Predication-14 木の実集めの任務の全貌
目を閉じている間に体が宙に浮くような感覚を覚えつつ、次の瞬間に足が再び地に着くまで、ルエノは身動きもせずに硬直していた。それでも、目を開けずとも、一番最初に空気の違いを実感していた。建物の中とは異なる、新鮮な空気を吸い込む度に、移動した事を改めて感じた。
「おーい、ルエノ。もう着いたから、目を開けても良いぞー」
移動が無事に行われていたのはわかっていたが、二度目で未だに慣れておらず、ルエノはしばらく目を閉じきっていた。それを見て不思議に思ったのか、モーノがルエノの体に触れて声を掛ける。
「あ、はい。――ここがホロトの森ですか?」
「ああ、そうだよ」
ゆっくりと瞼(まぶた)を開くと、目前には既に緑が広がっていた。先日リードと訪れた森とは違っており、草花は比較的少なく、その代わりに足元は湿気を纏う苔で覆われていた。しかし、それほど蒸すという訳でもなく、心地好い涼しさを保っている。

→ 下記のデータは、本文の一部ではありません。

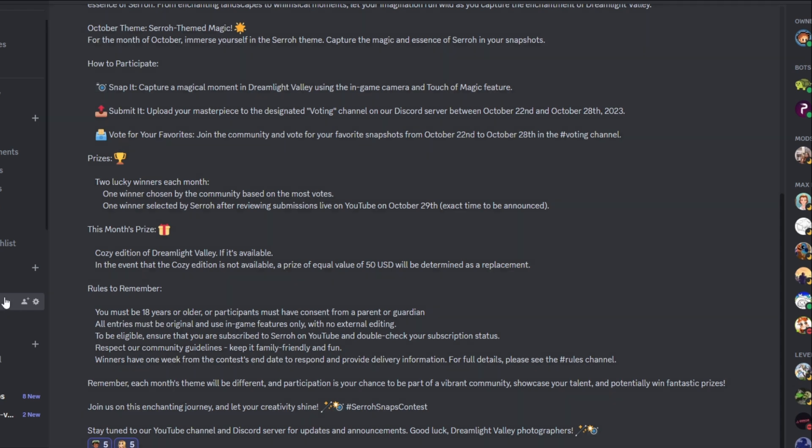So rules to remember, and we're going to go over all the rules in just a moment. You must be 18 years or older or participants must have consent from a parent or guardian. That's a big thing. Make sure that if you're not 18, make sure your parents are okay with it because you are going to have to send some information so I could ship out the prize to you. So all entries must be original and use in-game features only. No external editing. That's right. Literally, you could just take your DreamSnap and then upload it. Like you can't use any other, you can't brighten your photo, you can't edit it in any way. It has to be taken from your game and then submitted over here on Discord. To be eligible, ensure that you are subscribed to me, of course, so double check on that. Respect our community guidelines. Keep it family-friendly and fun. Absolutely has to be family-friendly. Like nothing crazy inappropriate, you know.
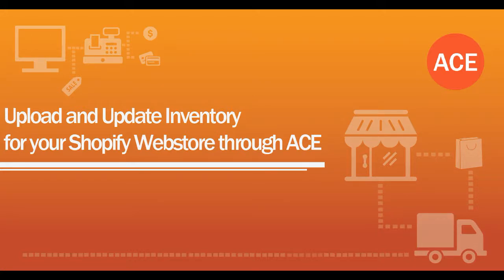In this video, we'll take a look at how you can manage your inventory in Shopify directly from Ace.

「それじゃ、この森に目当ての木の実があるのですか?」
「まあなっ。ここにはラムの実がたくさん生(な)ってるんだ。でも、今回は関係ないかもしれないな……」
「えっ? それって一体――」
珍しく真面目な顔をして何かを隠すような発言をするモーノに、首を傾げながらルエノは聞き返そうとする。しかし、そんなルエノの問い掛けなど歯牙にもかける様子もなく、モーノは急ぎ足で奥へと歩みを進め始めた。ルエノもモーノの変わり様に疑問を抱きながら、その後を追いかける。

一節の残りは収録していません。